§ **PROBLEM TO WORK ON**
Go through the listing below and retype exactly the lines starting at the one with "Holzterrasse putzen und" and ending at the one with "Close up of", skipping pictures.
(RECORDS Opens)
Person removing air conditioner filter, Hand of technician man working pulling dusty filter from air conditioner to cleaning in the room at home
(RECORDS Closes)
(RECORDS Opens)
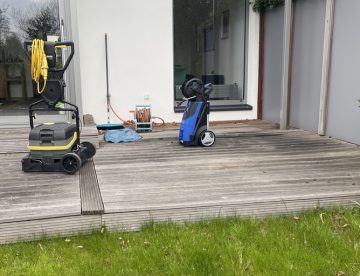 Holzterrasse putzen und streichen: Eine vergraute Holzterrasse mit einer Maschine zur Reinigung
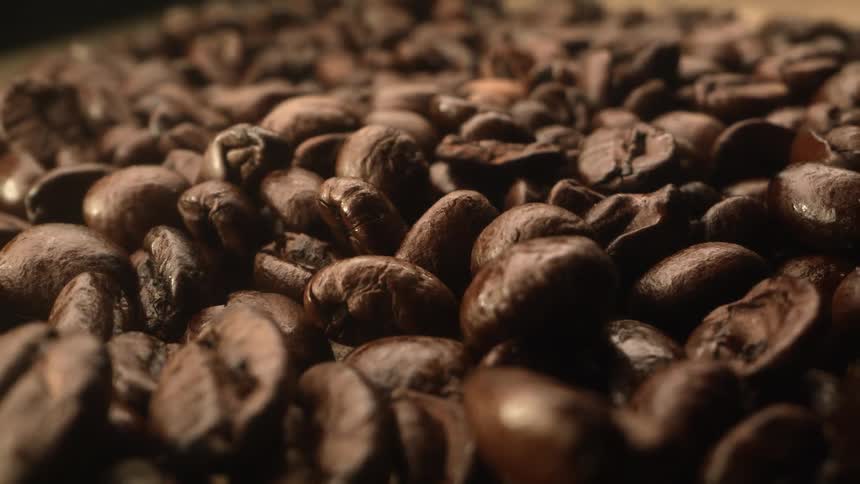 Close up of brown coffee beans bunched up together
(RECORDS Closes)
§ **THE ANSWER**
 Holzterrasse putzen und streichen: Eine vergraute Holzterrasse mit einer Maschine zur Reinigung
 Close up of brown coffee beans bunched up together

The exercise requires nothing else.